One obvious difference that could affect attitudes is that most US physicians work either independently or for private hospital and medical groups and receive fee-for-service payment, while most UK physicians work directly or indirectly for the country's socialized National Health Service (NHS). In Great Britain, most medical specialists work as salaried staff in publicly operated hospitals, while most primary care physicians work independently and receive a mix of fee-for-service payments, per-patient global payments, and salary.

"The big difference is the way the system is funded and the culture of the United Kingdom," says Brian Jarman, MD, a medical professor at Imperial College in London who serves on the NHS's advisory committee on resource allocation. "I don't think our decisions are as affected by financial considerations as in the US."

Another major distinction: There's less medical malpractice litigation in the UK. On top of that, UK medical specialists receive liability coverage through their hospital, while general practitioners have their premiums offset by NHS payments. In the US, physicians worry a lot more about malpractice suits, and doctors in independent practice are responsible for paying sizable liability premiums on their own.

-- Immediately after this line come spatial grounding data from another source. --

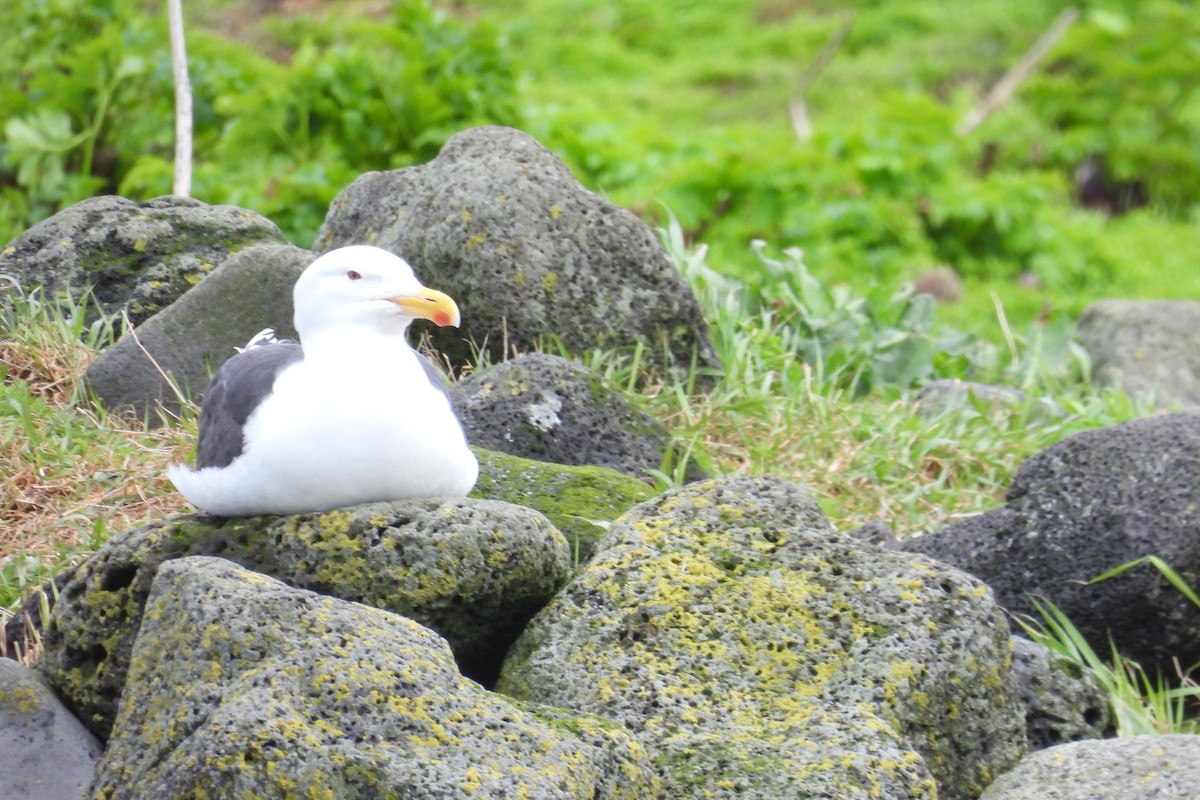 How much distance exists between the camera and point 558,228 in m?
5.02

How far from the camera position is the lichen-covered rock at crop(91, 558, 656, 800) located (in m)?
2.40

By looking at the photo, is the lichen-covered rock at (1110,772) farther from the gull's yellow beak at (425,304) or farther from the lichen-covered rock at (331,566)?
the gull's yellow beak at (425,304)

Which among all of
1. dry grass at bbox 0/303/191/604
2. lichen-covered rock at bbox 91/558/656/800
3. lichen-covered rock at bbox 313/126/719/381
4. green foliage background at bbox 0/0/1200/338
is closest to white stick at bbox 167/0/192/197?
lichen-covered rock at bbox 313/126/719/381

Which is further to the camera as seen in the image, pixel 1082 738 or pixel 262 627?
pixel 1082 738

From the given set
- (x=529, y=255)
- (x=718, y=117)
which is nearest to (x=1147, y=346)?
(x=529, y=255)

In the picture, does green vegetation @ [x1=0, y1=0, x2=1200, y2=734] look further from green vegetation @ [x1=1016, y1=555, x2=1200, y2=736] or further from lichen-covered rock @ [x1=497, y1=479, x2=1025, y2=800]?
lichen-covered rock @ [x1=497, y1=479, x2=1025, y2=800]

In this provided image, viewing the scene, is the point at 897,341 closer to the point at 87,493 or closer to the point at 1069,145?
the point at 87,493

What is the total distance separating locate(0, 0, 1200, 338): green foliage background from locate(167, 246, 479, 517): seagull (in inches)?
129

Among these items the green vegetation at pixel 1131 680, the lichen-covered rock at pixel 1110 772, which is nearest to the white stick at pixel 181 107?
the green vegetation at pixel 1131 680

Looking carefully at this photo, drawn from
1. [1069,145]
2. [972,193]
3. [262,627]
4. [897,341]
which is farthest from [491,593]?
[1069,145]

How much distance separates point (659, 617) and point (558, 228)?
207cm

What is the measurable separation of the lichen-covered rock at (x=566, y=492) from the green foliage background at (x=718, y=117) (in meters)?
2.63

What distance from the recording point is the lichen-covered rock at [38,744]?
296cm

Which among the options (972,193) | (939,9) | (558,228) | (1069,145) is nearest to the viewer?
(558,228) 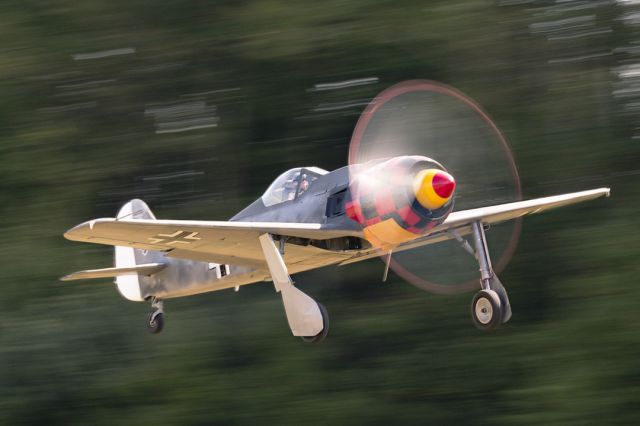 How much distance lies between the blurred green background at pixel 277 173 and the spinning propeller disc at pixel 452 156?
3.18 feet

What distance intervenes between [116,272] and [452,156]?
430 cm

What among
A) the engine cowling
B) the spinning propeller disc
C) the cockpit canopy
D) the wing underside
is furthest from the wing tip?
the spinning propeller disc

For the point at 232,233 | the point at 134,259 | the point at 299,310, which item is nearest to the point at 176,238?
the point at 232,233

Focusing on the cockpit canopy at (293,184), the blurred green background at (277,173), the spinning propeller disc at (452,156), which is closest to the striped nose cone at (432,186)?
the cockpit canopy at (293,184)

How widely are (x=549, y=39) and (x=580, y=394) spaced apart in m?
5.24

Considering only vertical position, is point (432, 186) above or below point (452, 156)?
above

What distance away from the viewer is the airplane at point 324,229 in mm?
8406

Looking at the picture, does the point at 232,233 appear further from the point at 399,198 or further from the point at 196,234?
the point at 399,198

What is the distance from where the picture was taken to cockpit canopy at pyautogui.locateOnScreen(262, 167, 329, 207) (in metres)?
9.34

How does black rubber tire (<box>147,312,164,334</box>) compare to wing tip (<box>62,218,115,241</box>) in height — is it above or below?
below

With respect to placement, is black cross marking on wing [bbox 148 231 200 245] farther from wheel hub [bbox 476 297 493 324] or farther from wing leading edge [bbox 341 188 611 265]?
wheel hub [bbox 476 297 493 324]

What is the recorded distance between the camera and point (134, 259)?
12.1 metres

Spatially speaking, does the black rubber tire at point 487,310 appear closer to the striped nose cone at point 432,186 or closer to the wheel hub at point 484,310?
the wheel hub at point 484,310

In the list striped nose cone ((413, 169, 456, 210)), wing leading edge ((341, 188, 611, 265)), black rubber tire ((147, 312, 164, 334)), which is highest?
striped nose cone ((413, 169, 456, 210)) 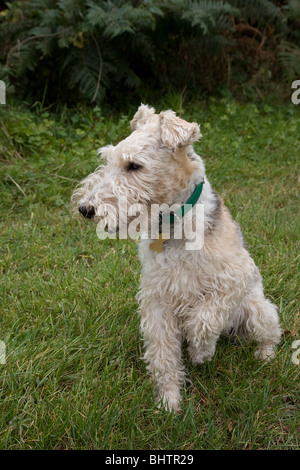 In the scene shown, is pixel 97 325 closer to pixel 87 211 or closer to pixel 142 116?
pixel 87 211

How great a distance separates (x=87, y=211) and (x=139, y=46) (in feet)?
14.9

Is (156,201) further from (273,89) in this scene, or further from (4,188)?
(273,89)

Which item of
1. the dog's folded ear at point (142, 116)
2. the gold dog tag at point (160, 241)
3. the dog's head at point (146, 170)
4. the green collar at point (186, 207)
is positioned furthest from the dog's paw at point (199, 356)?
the dog's folded ear at point (142, 116)

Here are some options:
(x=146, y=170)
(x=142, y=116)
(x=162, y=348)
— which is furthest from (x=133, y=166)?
(x=162, y=348)

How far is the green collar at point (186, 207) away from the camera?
2705 millimetres

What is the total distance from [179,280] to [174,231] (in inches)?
11.0

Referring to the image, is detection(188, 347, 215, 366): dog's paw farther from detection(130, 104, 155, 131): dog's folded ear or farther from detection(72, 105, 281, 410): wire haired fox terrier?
detection(130, 104, 155, 131): dog's folded ear

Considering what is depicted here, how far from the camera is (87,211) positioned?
2.54m

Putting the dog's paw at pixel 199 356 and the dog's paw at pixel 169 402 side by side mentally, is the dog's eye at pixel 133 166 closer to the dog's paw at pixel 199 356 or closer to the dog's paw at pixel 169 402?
the dog's paw at pixel 199 356

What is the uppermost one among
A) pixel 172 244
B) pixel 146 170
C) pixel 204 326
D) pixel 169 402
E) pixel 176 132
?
pixel 176 132

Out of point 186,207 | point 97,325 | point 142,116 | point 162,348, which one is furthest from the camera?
point 97,325

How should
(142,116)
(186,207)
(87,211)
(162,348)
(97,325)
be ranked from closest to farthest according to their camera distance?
1. (87,211)
2. (186,207)
3. (162,348)
4. (142,116)
5. (97,325)

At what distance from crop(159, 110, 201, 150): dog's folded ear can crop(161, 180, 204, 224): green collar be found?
27 cm

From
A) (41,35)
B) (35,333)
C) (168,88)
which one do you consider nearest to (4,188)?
(41,35) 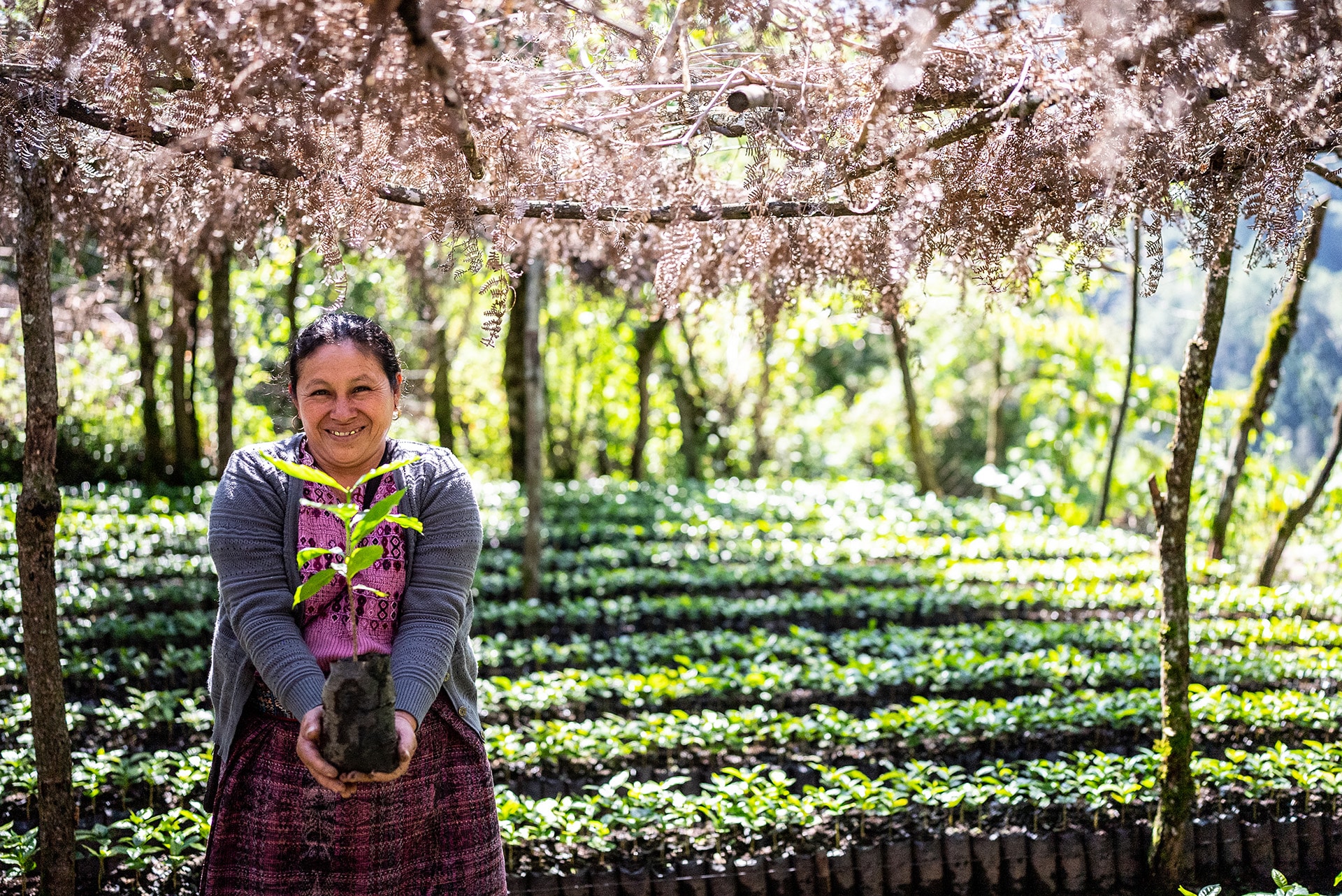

The largest percentage difference in the survey -- and one of the most provocative findings -- was seen on the question of whether the doctor would ever go against a family's wishes to end treatment and continue treating a patient who the doctor felt had a chance to recover. Most UK physicians in the survey -- 57% -- said yes, compared with just 23% of US physicians. That finding cut against the view that UK doctors are more likely to ration, and it also highlighted an important cultural gap.

"In most places in the world, doctors think they know the right treatment and do it," says Dr. Lachlan Forrow, MD, a Harvard University medical ethicist and palliative care specialist. "My German friends say patients and families expect doctors to make decisions. In the US we might defer more to the patient and family."

On top of that, he adds, families in the US probably express their wishes with more vehemence than in the UK and are more likely to file a lawsuit if the doctor goes against their wishes.